• _Exercise details_:
In the listing below, print exactly the lines between the line holding "1.0 Dri-Fit Metal Tank Top (Black)" and the line holding "Guld- island truckerkeps", inclusive, and no more.

• _Listed records_:
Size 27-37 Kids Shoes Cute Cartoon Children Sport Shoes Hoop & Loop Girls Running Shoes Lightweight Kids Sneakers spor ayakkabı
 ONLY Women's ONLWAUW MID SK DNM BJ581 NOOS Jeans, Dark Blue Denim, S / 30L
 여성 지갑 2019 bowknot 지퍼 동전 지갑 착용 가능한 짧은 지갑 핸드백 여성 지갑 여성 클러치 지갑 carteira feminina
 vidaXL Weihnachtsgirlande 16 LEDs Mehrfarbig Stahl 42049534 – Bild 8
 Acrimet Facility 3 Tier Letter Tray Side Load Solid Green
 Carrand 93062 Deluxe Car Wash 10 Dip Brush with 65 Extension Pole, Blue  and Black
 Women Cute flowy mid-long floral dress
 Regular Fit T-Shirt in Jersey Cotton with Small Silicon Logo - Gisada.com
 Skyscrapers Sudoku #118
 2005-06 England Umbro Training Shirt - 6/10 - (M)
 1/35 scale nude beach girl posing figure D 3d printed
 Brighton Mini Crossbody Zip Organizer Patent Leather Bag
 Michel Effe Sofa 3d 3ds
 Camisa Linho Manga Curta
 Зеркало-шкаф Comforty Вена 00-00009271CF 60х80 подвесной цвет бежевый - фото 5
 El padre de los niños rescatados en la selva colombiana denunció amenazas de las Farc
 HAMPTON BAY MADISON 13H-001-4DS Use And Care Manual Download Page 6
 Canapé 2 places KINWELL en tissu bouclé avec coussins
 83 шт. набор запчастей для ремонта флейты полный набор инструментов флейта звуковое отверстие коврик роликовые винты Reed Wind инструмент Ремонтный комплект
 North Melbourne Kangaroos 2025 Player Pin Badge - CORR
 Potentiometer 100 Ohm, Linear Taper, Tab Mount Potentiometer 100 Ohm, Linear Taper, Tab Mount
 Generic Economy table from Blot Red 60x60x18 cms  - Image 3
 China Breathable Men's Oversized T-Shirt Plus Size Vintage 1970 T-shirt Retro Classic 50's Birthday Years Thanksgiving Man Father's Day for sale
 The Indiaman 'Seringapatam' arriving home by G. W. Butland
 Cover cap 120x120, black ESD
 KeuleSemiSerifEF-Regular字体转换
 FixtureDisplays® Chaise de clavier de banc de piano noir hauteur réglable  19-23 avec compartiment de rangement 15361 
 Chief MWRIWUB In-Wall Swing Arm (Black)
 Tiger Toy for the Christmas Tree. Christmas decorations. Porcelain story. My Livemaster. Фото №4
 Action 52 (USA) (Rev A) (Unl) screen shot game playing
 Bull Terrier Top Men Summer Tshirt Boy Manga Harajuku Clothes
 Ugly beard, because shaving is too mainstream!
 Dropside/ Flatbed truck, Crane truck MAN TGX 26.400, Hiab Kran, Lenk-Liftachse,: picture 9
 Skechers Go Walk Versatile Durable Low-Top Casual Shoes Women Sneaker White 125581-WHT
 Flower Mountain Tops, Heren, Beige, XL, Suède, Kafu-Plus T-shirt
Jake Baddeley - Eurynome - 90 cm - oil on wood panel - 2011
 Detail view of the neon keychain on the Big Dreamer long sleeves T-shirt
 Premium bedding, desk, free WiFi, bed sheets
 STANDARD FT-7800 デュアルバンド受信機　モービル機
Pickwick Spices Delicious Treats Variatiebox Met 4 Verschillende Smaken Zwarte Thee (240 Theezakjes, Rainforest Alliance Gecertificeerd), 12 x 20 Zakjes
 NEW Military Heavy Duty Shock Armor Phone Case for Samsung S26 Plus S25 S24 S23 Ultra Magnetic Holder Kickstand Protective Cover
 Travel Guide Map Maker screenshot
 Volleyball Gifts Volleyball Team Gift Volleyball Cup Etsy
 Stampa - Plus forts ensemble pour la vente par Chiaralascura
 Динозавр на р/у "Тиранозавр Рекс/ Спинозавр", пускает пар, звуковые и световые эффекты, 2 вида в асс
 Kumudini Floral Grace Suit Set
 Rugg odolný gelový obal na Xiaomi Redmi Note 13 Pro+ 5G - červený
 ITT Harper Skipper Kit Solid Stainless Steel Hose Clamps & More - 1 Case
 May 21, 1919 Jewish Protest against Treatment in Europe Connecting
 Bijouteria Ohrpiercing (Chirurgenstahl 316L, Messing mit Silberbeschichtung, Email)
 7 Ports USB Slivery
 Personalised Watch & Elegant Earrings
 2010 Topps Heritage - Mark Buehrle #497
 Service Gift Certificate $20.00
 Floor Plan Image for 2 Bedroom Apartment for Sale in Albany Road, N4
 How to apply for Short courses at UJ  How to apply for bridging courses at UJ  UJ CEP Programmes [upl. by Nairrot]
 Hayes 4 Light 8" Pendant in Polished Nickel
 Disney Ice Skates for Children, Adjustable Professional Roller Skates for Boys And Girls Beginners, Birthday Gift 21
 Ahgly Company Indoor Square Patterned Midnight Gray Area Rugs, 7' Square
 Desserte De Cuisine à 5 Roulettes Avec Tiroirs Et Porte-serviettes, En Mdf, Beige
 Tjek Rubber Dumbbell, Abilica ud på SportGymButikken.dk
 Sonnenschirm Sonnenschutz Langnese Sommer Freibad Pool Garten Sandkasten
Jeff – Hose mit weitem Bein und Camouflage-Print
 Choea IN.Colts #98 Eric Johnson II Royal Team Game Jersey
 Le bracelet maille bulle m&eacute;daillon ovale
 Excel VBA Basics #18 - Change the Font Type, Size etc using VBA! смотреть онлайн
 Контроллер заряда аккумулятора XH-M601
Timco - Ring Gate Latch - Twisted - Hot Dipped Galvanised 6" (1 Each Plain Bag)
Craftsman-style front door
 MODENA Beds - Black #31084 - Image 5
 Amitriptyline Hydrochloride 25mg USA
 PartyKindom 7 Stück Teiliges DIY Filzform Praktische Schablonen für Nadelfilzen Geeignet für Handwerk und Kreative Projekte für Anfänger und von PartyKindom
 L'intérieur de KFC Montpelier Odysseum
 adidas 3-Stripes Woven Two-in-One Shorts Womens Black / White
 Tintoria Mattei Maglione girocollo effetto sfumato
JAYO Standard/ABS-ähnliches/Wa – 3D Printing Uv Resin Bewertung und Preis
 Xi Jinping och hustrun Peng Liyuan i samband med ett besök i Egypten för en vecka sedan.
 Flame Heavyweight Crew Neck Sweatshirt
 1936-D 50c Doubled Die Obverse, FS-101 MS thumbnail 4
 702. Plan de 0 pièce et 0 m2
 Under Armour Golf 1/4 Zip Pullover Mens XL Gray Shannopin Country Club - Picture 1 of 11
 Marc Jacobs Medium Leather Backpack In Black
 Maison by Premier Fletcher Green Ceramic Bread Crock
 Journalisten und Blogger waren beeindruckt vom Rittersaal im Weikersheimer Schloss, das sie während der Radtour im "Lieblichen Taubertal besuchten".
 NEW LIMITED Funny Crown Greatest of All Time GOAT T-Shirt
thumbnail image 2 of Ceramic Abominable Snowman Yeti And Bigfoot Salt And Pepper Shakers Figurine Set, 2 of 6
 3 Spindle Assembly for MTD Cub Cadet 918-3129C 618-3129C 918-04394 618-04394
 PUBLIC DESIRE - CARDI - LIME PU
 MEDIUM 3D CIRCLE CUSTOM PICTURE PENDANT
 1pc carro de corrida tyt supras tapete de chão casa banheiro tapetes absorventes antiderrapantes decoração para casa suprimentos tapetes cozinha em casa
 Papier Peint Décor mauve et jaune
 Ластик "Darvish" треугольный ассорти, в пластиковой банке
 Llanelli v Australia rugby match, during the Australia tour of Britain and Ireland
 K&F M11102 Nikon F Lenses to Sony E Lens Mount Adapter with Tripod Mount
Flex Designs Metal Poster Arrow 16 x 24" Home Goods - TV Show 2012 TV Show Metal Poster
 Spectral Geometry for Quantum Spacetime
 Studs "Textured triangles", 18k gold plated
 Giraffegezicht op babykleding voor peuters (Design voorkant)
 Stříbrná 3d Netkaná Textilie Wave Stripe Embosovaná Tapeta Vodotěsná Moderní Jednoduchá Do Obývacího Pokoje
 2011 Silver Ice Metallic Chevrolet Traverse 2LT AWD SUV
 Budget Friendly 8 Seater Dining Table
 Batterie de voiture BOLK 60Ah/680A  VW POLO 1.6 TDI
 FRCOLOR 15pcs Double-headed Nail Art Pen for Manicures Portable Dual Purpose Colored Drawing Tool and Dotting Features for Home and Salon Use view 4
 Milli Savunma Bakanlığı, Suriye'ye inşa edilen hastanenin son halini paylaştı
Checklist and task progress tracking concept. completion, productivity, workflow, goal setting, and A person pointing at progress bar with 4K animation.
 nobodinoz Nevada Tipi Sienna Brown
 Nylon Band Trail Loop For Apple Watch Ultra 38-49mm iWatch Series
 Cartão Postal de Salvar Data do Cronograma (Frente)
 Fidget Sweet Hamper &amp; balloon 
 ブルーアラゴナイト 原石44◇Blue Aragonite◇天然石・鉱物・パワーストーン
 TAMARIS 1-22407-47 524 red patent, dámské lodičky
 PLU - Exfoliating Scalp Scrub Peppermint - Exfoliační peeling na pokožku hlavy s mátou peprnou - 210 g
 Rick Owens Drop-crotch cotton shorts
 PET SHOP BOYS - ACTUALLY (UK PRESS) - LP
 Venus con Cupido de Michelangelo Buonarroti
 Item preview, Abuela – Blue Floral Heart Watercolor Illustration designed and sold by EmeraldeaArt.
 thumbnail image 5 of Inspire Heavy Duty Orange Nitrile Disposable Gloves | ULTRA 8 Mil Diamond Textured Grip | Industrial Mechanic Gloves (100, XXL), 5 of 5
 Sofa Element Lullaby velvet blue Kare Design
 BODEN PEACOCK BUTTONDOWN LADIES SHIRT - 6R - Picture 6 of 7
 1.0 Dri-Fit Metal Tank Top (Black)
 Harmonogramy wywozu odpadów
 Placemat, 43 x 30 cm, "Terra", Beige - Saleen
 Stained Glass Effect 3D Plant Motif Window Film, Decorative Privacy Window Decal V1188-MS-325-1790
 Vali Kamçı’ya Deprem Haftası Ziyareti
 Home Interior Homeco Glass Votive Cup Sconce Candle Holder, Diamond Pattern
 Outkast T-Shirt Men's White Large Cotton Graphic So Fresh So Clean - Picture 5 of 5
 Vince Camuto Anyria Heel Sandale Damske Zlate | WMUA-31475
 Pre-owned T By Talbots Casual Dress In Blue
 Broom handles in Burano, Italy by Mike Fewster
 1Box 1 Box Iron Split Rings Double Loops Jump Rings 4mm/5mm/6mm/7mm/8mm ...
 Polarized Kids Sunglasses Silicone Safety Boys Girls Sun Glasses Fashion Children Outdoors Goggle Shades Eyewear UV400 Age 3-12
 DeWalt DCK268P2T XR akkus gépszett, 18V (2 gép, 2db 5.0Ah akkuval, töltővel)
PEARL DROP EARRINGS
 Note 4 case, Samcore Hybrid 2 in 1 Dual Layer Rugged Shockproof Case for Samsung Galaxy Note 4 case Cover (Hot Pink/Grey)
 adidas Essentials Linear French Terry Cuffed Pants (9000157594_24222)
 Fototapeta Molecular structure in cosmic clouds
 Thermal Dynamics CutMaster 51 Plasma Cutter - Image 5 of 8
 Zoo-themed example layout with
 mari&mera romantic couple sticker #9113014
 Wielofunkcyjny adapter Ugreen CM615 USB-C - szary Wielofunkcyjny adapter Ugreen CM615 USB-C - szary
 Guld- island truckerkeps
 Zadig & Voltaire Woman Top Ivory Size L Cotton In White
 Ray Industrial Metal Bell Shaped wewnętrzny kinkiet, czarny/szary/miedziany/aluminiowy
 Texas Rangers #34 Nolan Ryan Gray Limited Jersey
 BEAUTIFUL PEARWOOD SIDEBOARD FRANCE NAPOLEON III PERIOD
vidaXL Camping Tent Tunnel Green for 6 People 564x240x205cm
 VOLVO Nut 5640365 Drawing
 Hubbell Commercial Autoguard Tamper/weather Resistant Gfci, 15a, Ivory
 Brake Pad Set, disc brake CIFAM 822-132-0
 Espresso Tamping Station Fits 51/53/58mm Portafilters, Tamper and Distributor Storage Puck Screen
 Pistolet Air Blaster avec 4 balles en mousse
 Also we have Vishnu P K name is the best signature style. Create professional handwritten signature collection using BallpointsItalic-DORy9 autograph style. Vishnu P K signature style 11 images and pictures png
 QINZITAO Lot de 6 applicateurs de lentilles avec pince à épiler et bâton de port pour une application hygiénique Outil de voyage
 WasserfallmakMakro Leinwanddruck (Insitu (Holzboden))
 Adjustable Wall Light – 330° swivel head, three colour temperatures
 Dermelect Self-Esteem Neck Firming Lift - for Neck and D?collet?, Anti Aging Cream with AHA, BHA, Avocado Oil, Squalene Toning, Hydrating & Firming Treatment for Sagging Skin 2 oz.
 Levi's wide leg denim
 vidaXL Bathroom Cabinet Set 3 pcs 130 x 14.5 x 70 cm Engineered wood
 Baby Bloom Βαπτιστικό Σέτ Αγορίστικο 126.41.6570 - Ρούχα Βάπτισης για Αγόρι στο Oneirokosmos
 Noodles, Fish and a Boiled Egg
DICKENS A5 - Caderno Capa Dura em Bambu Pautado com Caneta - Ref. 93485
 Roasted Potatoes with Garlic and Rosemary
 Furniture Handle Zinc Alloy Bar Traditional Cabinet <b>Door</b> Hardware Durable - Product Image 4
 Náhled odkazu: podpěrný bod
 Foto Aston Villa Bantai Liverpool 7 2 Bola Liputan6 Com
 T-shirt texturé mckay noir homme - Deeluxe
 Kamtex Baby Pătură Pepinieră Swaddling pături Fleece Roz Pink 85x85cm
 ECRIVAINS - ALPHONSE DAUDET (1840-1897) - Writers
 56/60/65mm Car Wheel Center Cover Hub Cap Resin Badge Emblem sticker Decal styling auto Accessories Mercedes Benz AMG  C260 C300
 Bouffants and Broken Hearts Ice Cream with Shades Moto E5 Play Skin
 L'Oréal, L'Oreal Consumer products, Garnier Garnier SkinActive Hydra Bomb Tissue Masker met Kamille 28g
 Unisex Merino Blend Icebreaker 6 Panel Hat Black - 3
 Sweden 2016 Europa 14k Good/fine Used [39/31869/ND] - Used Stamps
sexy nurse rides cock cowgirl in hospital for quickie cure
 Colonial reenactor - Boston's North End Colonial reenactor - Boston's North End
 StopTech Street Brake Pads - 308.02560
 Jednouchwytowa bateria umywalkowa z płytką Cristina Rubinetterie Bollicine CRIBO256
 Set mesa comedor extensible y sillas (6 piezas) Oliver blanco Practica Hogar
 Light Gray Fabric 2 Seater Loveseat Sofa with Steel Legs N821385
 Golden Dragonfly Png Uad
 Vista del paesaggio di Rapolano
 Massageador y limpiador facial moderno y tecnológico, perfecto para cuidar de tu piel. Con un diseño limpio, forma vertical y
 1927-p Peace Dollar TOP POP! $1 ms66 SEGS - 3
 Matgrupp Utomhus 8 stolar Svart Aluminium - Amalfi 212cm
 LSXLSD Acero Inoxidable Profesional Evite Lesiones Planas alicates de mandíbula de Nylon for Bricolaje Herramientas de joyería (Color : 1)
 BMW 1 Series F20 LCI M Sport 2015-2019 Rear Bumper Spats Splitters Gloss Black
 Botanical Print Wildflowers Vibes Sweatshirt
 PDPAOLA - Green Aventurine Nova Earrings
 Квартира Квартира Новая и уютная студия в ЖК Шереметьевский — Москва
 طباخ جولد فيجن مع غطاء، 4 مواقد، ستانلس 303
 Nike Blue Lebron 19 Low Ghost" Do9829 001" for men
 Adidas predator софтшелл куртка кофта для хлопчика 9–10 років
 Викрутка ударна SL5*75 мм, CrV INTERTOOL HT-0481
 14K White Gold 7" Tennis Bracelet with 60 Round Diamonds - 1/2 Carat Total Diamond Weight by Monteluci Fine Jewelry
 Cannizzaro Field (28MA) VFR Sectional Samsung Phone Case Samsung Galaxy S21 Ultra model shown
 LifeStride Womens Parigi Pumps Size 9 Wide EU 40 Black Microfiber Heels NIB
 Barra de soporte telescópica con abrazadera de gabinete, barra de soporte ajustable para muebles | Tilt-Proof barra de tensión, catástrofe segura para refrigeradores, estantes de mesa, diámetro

• _Task solution_:
 1.0 Dri-Fit Metal Tank Top (Black)
 Harmonogramy wywozu odpadów
 Placemat, 43 x 30 cm, "Terra", Beige - Saleen
 Stained Glass Effect 3D Plant Motif Window Film, Decorative Privacy Window Decal V1188-MS-325-1790
 Vali Kamçı’ya Deprem Haftası Ziyareti
 Home Interior Homeco Glass Votive Cup Sconce Candle Holder, Diamond Pattern
 Outkast T-Shirt Men's White Large Cotton Graphic So Fresh So Clean - Picture 5 of 5
 Vince Camuto Anyria Heel Sandale Damske Zlate | WMUA-31475
 Pre-owned T By Talbots Casual Dress In Blue
 Broom handles in Burano, Italy by Mike Fewster
 1Box 1 Box Iron Split Rings Double Loops Jump Rings 4mm/5mm/6mm/7mm/8mm ...
 Polarized Kids Sunglasses Silicone Safety Boys Girls Sun Glasses Fashion Children Outdoors Goggle Shades Eyewear UV400 Age 3-12
 DeWalt DCK268P2T XR akkus gépszett, 18V (2 gép, 2db 5.0Ah akkuval, töltővel)
PEARL DROP EARRINGS
 Note 4 case, Samcore Hybrid 2 in 1 Dual Layer Rugged Shockproof Case for Samsung Galaxy Note 4 case Cover (Hot Pink/Grey)
 adidas Essentials Linear French Terry Cuffed Pants (9000157594_24222)
 Fototapeta Molecular structure in cosmic clouds
 Thermal Dynamics CutMaster 51 Plasma Cutter - Image 5 of 8
 Zoo-themed example layout with
 mari&mera romantic couple sticker #9113014
 Wielofunkcyjny adapter Ugreen CM615 USB-C - szary Wielofunkcyjny adapter Ugreen CM615 USB-C - szary
 Guld- island truckerkeps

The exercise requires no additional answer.